▶ _Task_
Reproduce the data exactly and drop any pictures it holds.

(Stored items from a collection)
____

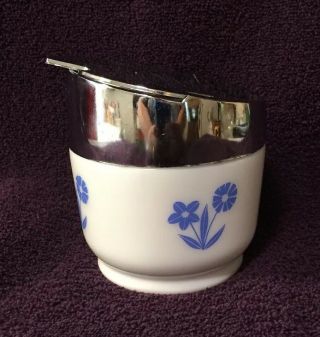 Vintage Gemco Westinghouse Blue Cornflower Creamer Dispenser Corning Ware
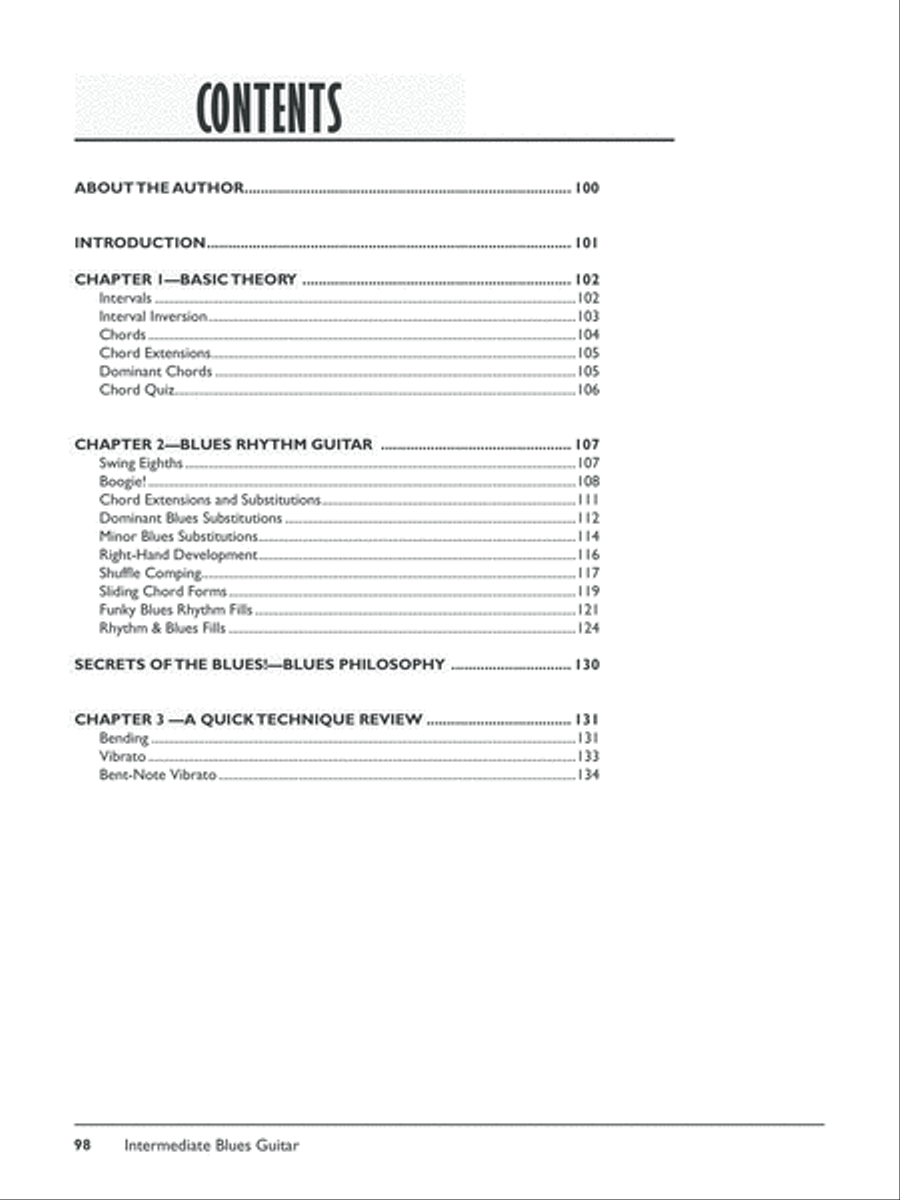 The Complete Blues Guitar Method Complete Edition Electric Guitar scores gallery preview page 7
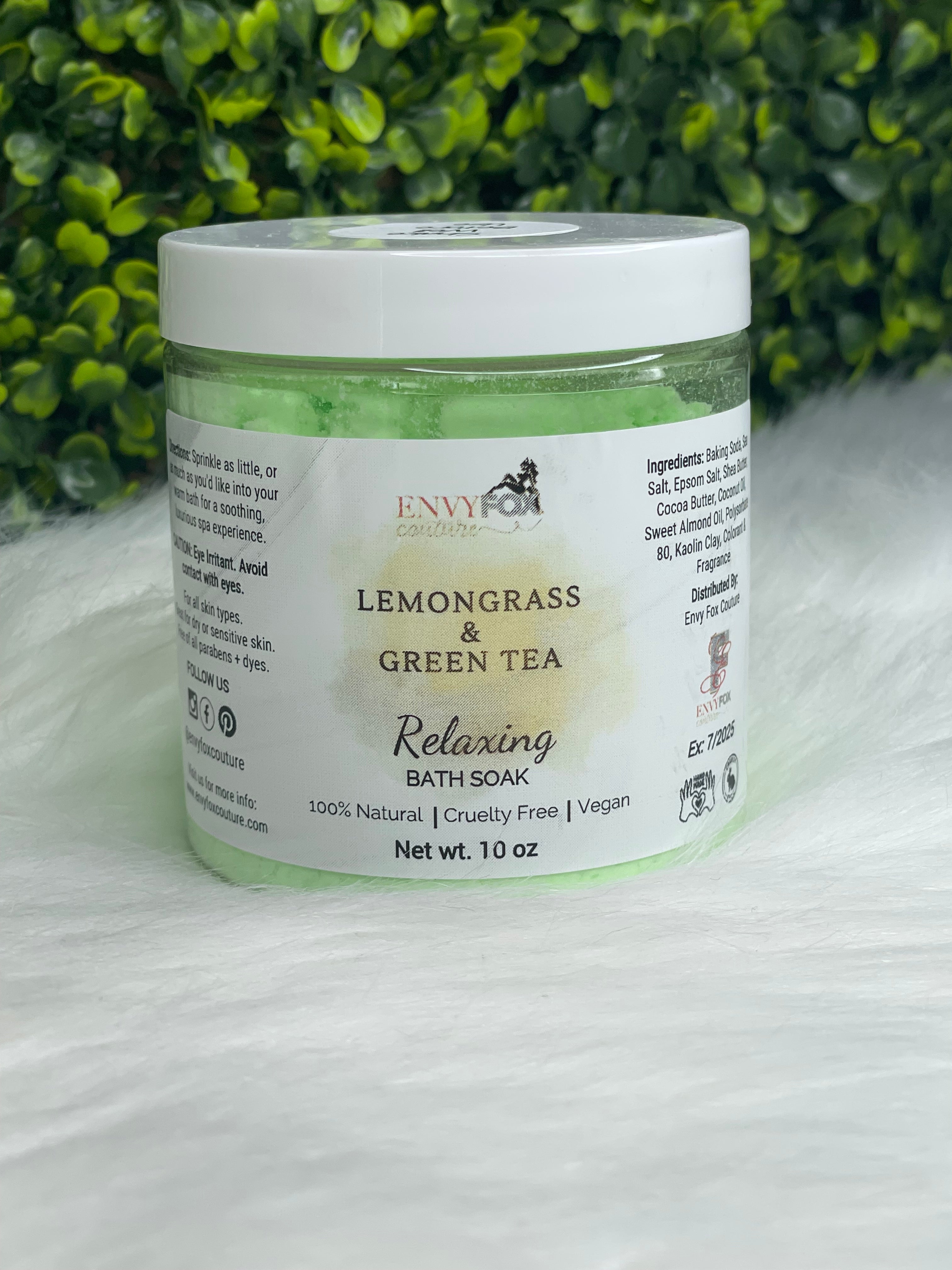 8 oz Handmade Bath Soak w/Shea Butter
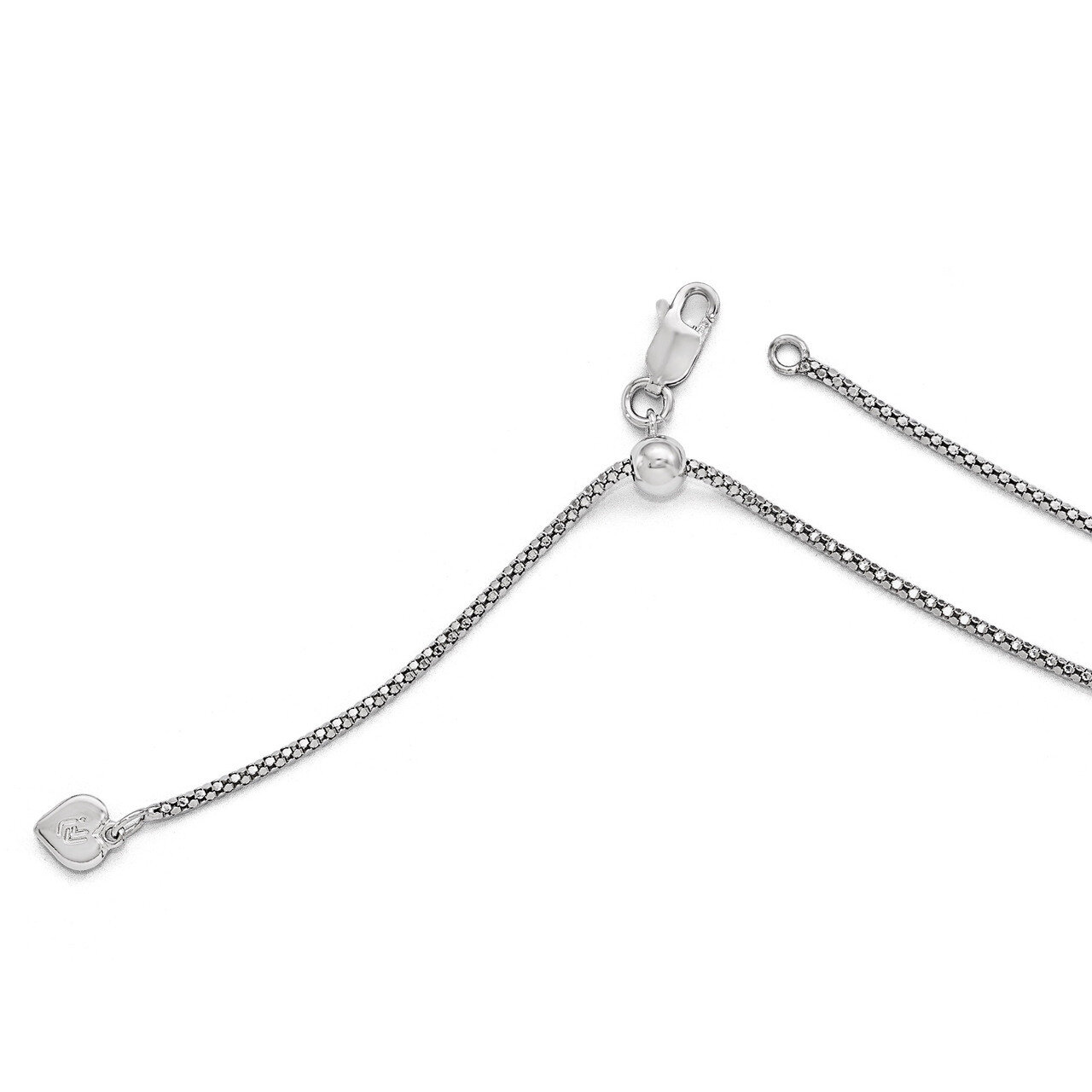 Leslie&#39;s Adjustable Fancy Mesh Chain 22 Inch - Sterling Silver HB-FC34-22, MPN: FC34-22, 8867745421…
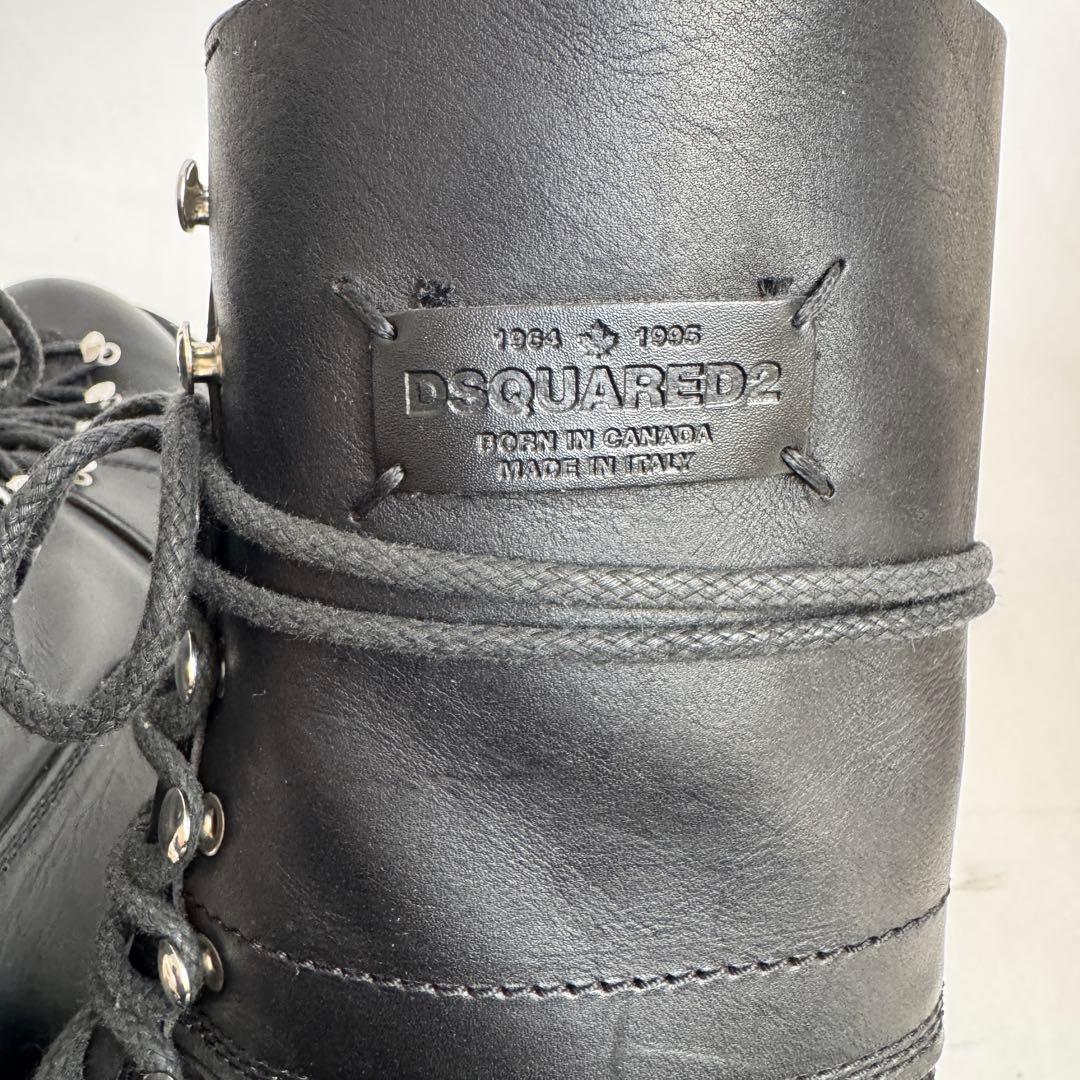 【美品】DSQUARED2 レースアップブーツ コンバットブーツ 黒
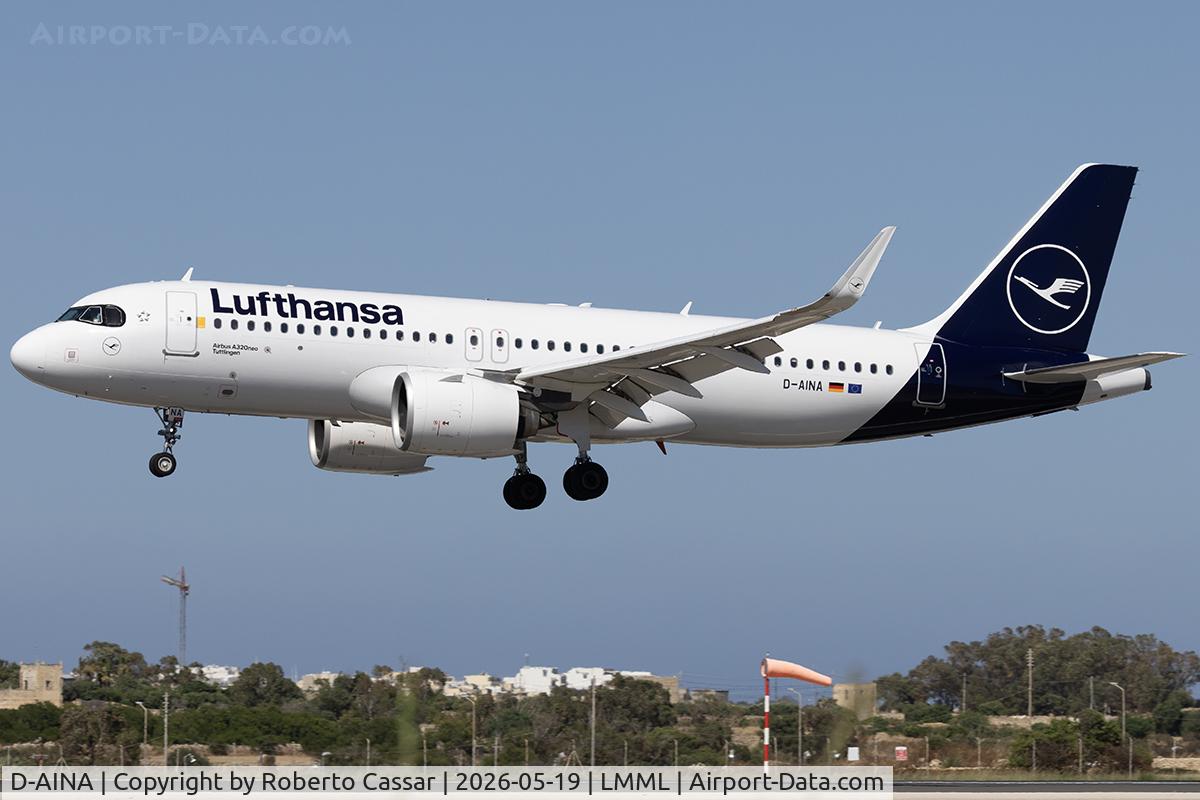 D-AINA, 2015 Airbus A320-271N, c/n 6801, Runway 31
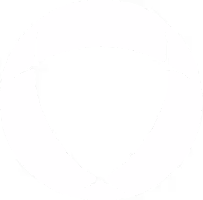 Mobius logo white round
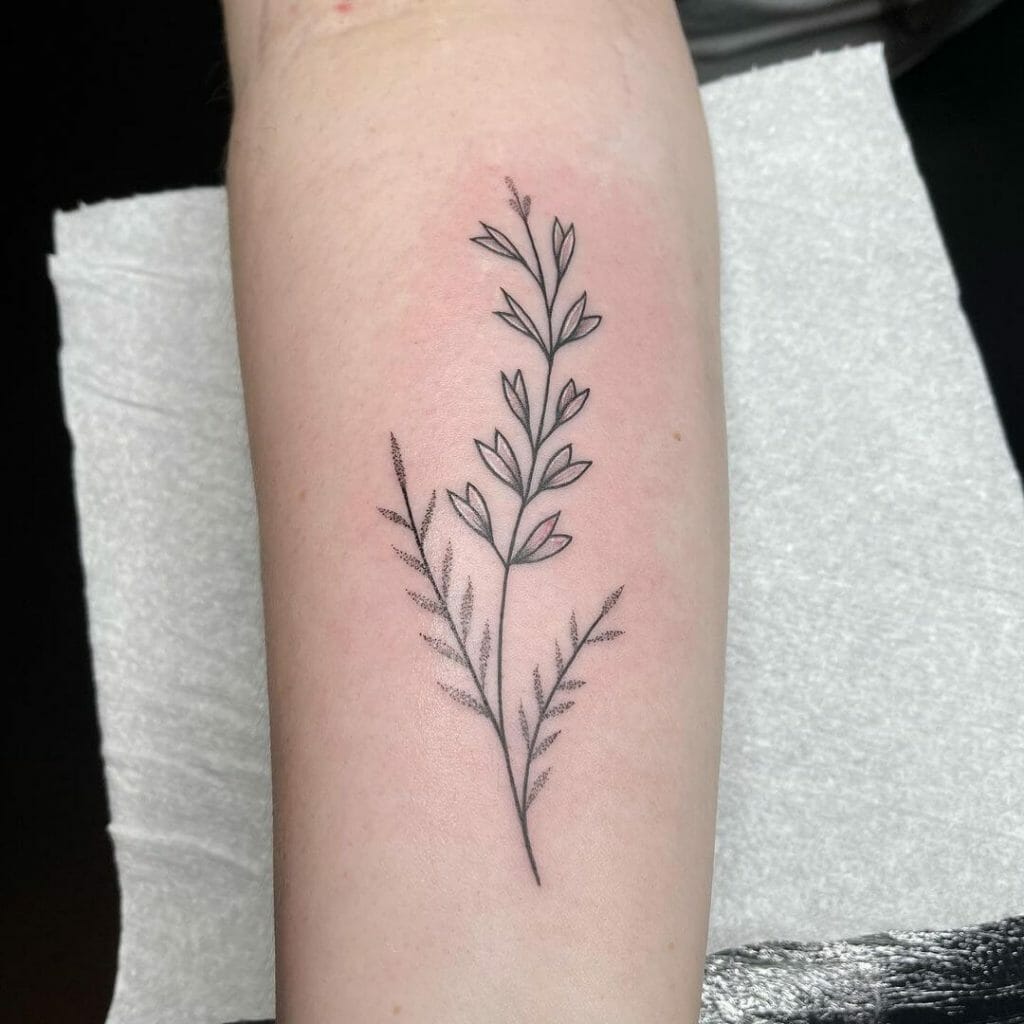Tattoo Minimalist Vine Flowers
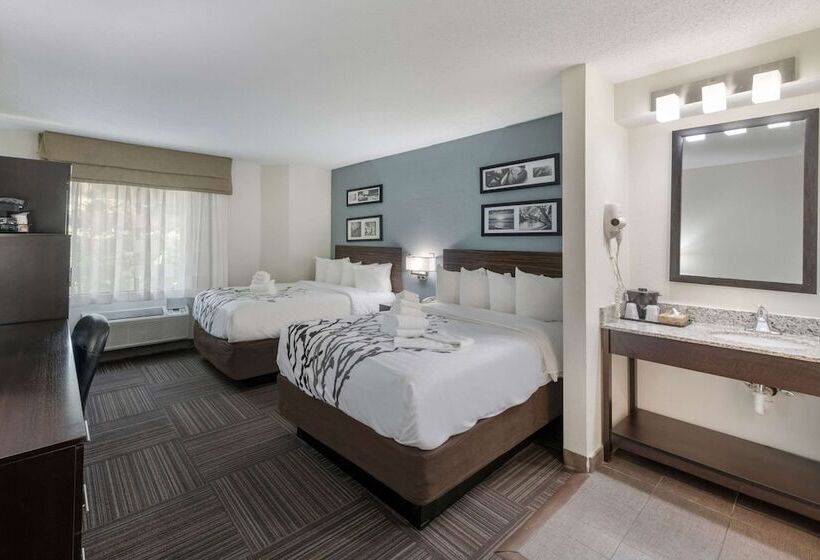 Номер Стандарт 2 Двуспальные Кровати, Sleep Inn & Suites Chesapeake Portsmouth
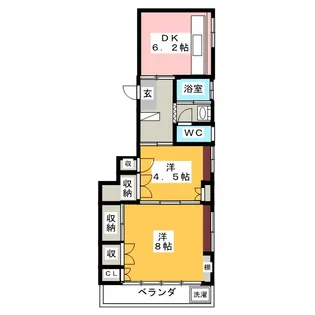 グレイス横浜【2階】の間取り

____

▶ _Output of the exercise_
 Vintage Gemco Westinghouse Blue Cornflower Creamer Dispenser Corning Ware
 The Complete Blues Guitar Method Complete Edition Electric Guitar scores gallery preview page 7
 8 oz Handmade Bath Soak w/Shea Butter
 Leslie&#39;s Adjustable Fancy Mesh Chain 22 Inch - Sterling Silver HB-FC34-22, MPN: FC34-22, 8867745421…
 【美品】DSQUARED2 レースアップブーツ コンバットブーツ 黒
 D-AINA, 2015 Airbus A320-271N, c/n 6801, Runway 31
 Mobius logo white round
Tattoo Minimalist Vine Flowers
 Номер Стандарт 2 Двуспальные Кровати, Sleep Inn & Suites Chesapeake Portsmouth
 グレイス横浜【2階】の間取り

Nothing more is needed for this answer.